そして、設備ID「SP4」を持つカレントブランチの一次側のカレントノード「N6」が検索される。このとき、一次側のカレントノード「N6」の通電状態には、図17に示したように、不詳が設定されているので、当該一次側のカレントノード「N6」の通電状態が「通電」に設定されるとともに、当該一次側のカレントノード「N6」を探索リストに追加登録する。その後、同様の流れで処理が実行された結果、カレントノード「N6」が選択されてカレントノード「N5」の通電状態が「通電」に設定されるとともにカレントノード「N5」が探索リストに追加登録される。
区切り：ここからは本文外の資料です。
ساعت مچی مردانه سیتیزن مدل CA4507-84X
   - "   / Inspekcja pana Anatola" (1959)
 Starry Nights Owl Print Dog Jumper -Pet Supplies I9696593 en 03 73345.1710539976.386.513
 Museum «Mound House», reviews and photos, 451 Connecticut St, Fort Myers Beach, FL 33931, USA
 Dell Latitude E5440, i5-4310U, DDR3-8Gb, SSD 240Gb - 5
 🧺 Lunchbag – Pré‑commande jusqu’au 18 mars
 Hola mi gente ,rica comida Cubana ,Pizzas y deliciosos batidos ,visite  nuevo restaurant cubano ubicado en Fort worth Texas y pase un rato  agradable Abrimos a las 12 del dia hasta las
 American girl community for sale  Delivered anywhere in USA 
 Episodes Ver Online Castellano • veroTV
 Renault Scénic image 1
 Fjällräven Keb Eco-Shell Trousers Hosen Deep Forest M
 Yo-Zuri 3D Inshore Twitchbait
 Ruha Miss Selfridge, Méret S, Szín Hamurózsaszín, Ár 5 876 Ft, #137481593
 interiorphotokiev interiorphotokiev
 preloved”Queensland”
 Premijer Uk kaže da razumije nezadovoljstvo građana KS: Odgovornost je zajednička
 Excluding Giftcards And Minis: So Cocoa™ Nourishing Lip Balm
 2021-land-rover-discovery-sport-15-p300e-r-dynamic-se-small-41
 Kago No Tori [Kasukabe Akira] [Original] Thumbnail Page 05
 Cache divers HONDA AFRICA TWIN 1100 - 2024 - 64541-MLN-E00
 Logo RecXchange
以降、カレントノードの探索が「N5」、「N4」、「N3」、「N2」、「N1」の順に実行されることによって各々のカレントノードの通電状態が「通電」に設定される。そして、最上位のカレントノード「N1」の探索が終了すると、未探索のカレントノードがなくなり、通電ノードの判別が終了される。この結果、カレントノードの通電状態が図18に示す状態に更新される。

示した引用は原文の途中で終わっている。